Hasil penelitian di Jakarta dan NTT menunjukkan bahwa penderita kanker mulut terbanyak adalah laki-laki berusia di atas 40 tahun. Sebanyak 64% kanker mulut dapat diawali oleh lesi prakanker yang ditandai dengan perubahan warna. Hal ini jarang disadari oleh penderita karena selain tidak memperhatikan perubahan warna dan tekstur rongga mulut, penderita juga tidak merasakan sakit sehingga gejala awal ini diabaikan.

Tekstur atau tampilan mukosa mulut normal berwarna merah muda dan kenyal.

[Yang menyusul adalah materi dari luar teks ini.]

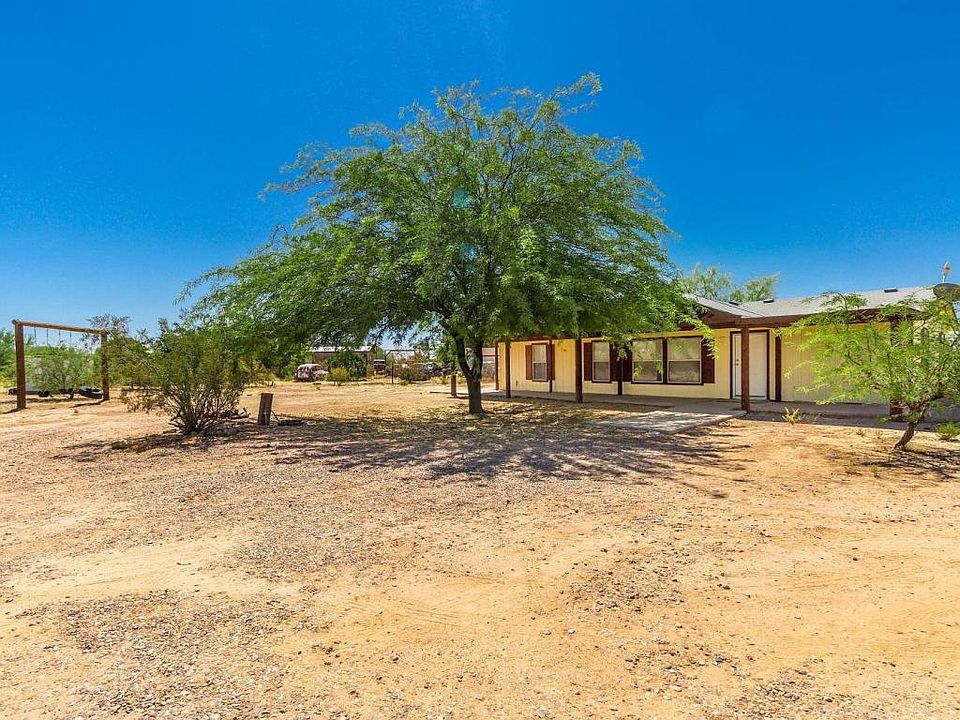 1st image of 10385 W Altadena Dr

Jika terjadi perubahan warna menjadi putih, merah atau kombinasi keduanya, dapat menjadi petunjuk adanya lesi yang memerlukan perhatian. “Tanda-tanda awal kanker mulut bisa juga dikenali dengan luka yang tidak juga sembuh selama lebih dari satu bulan. Banyak orang yang tidak mengetahui bahwa dirinya menderita kanker rongga mulut karena tidak ada rasa sakit dan tidak mengetahui tanda-tandanya,” kata drg. Rahmi.

Di Indonesia banyak ditemukan pasien yang menderita kanker rongga mulut dengan lokasi predileksi di lidah. “Angka bertahan hidup pasien kanker rongga mulut tergolong kecil, di bawah 3 tahun. Apabila lesi prakanker dapat ditemukan dan kemunduran selnya belum terlalu jauh serta respon pengobatan masih baik, angka bertahan hidup pasien dapat meningkat lebih dari 80% atau di atas 5 tahun. Dengan demikian angka kematian dapat diturunkan.”

Masyarakat umumnya tidak mengetahui tanda-tanda awal kanker rongga mulut sehingga baru berobat ketika kanker sudah dalam stadium lanjut. Pasien juga tidak tahu harus berkonsultasi dengan dokter yang tepat disebabkan tanda kanker mulut yang tidak terlihat. Untuk itu, ISPMI tengah melakukan edukasi dan sosialisasi gerakan periksa mulut sendiri alias Samuri. Melalui gerakan ini masyarakat diajak melakukan pemeriksaan mulut secara mandiri dan juga menjaga kebersihan rongga mulut dengan baik.

“Mulai tahun ini ISPMI melakukan edukasi dan sosialisasi terkait kanker rongga mulut. Salah satunya dengan gerakan Samuri. Melalui gerakan ini masyarakat akan diajarkan bagaimana melakukan periksa mulut secara mandiri dan juga menjaga kebersihan rongga mulut dengan baik,” tuturnya.